ATLANTA– Alabama coach Nick Saban is 11-0 when coaching against his former assistants. But the stage will be much bigger tonight and the stakes will be much higher when the Crimson Tide play Georgia in an all SEC showdown for the national championship and 66-year old Saban faces his former protegee and 42-year old prodigy Kirby Smart here at the new Mercedes Benz Stadium.
Smart spent eight years as Saban’s distinguished, highly paid defensive coordinator at Alabama before accepting the head coaching job at Georgia in Dec. 2015. He knows his former boss’s thought processes and tendencies better than anyone
“He’s a good football coach, a very bright guy,” Saban said. “And he took over a program that has been successful . . .. and he’s done a great job of taking it to the next level.
Smart was Saban’s best recruiter when the Tide won four national championships, the last in 2015 when Smart stayed on to coach the Bama defense in the college football playoffs before moving back to his alma mater. Smart had a hand in signing just about every player on those Alabama rosters. “It’s going to be strange seeing him in a Georgia Bulldog shirt,” free safety Ronnie Harrison.’
Saban, who opened the season by beating his former LSU offensive coordinator and newly minted Texas A & M coach Jimbo Fisher 24-7, when Tide defeated Florida State in Atlanta, will close it by coaching against Smart for the first time.
Saban, a former defensive back like Smart, has always taking pride in stopping the other team and defense likely will determine the outcome as Georgia attempts to win its first national title since 1980 when Herschel Walker was in school. Alabama has designs on giving Saban his sixth title, tying the late, great Bear Bryant.
Both teams have defenses ranked in the Top 4 nationally, and Smart and his defense are viewed as clones of Saban and the Tide.
“It’s like playing against yourself,” Saban said. “They do a lot of the same things on defense that we do. You worry about your terminology when he make a call. Do they know what you’re calling?”
“We basically run the same defense,” Alabama’s All- American defensive back Minkah Fitzpatrick said. “Even the hand signals and stuff are pretty similar.”
Georgia fired highly successful Mark Richt because they didn’t want to miss out on Smart, who has elevated the program to a championship level more quickly than expected. Saban has tried to downplay the mentor-pupil aspect of the title game as well as his successes against former assistants, four– Smart, Fisher, Will Muschamp of South Carolina and Jeremy Pruitt of Tennessee— who currently are head coaches in the SEC.
“I don’t think it has a lot to do with the coach. I think it has a lot more to do with the players,” said Saban, whose team has outscored seven former assistants, 427-111. “Georgia has really outstanding players, so it will be about the players again.’’

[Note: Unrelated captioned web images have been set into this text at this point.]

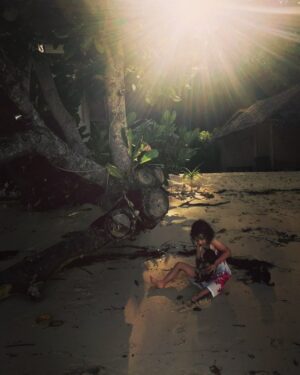 Pihla Viitala Instagram - Couple of years ago our trip to paradise🌴🌴🌴she played with the local puppies all day long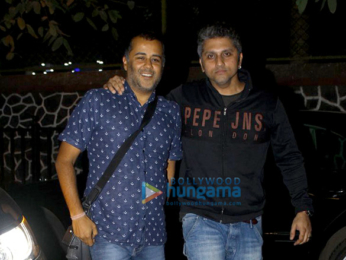 Arjun Kapoor, Shraddha Kapoor and Chetan Bhagat snapped post a meeting at Mohit Suri's office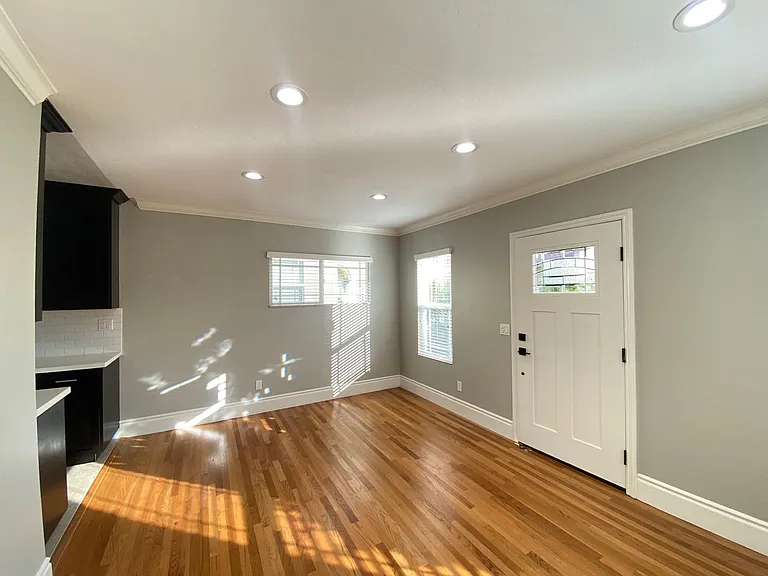 1BD/1BA Cottage Home at B Street Bungalows Modern Luxury Meets Mission Style Charm! — Photo 5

This game figures to be closer if only because Georgia will have the advantage of playing a neutral site game here, in a city that is only one hour from the Bulldogs’ campus and has 90,000 alums in the metro area. Saban, for the record, won his first national championship coaching LSU to a neutral field victory over Oklahoma in the 2004 Sugar Bowl.

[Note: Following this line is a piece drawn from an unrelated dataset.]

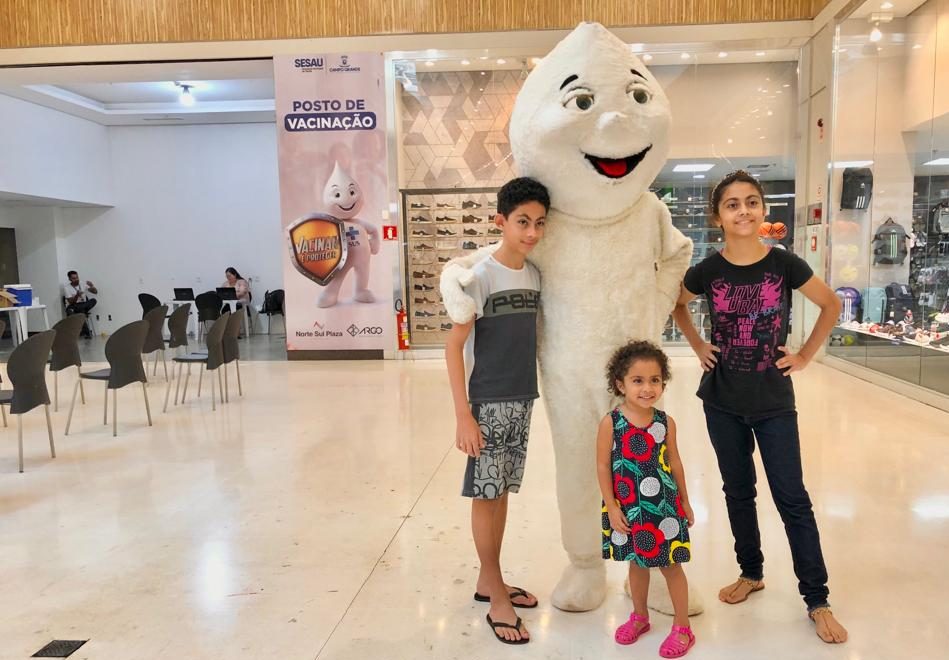 Prefeitura abre unidades no feriado e faz itinerante em shopping no fim de semana para vacinação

But, despite the fact the Dawgs will have the crowd behind them, the fourth-seeded Tide are still the team to beat.
Alabama’s defense held Clemson to just six points and 181 yards total offense in a 24-6 victory last week in the national semi-finals. If the Tide has any flaws, it has been vulnerable in the past to dual threat quarterbacks like DeShaun Watson of Clemson in an up tempo spread offense. But Georgia depends a lot more on its two running backs Nick Chubb and Sony Michel, who combined for 326-yards rushing in 25 carries during a 54-48 double overtime victory over Oklahoma in last week’s semi-final at the Rose Bowl. But how Georgia freshman quarterback Jake Fromm will play in his first national championship is anyone’s guess.
On the flip side, Georgia’s defense should have a much easier time stopping Alabama, which only had 261 yards total offense against Clemson than it did slowing down Oklahoma, which rolled up 531 yards against the Dawgs.
And that’s before the Smart factor kicks in.
“It will be very weird,’’ Alabama defensive back Anthony Averett said. “He was my coach my first three years I was here. He’s a great coach. Georgia’s defensive coordinator Mel Tucker coached me as well. They know what we’re going to do. We know what they’re going to do, like Clemson. It makes it more fun.’’
Smart is not trying to be another Saban. But he is trying is transform Georgia into the next Alabama.
This is just another SEC game, with history on the line.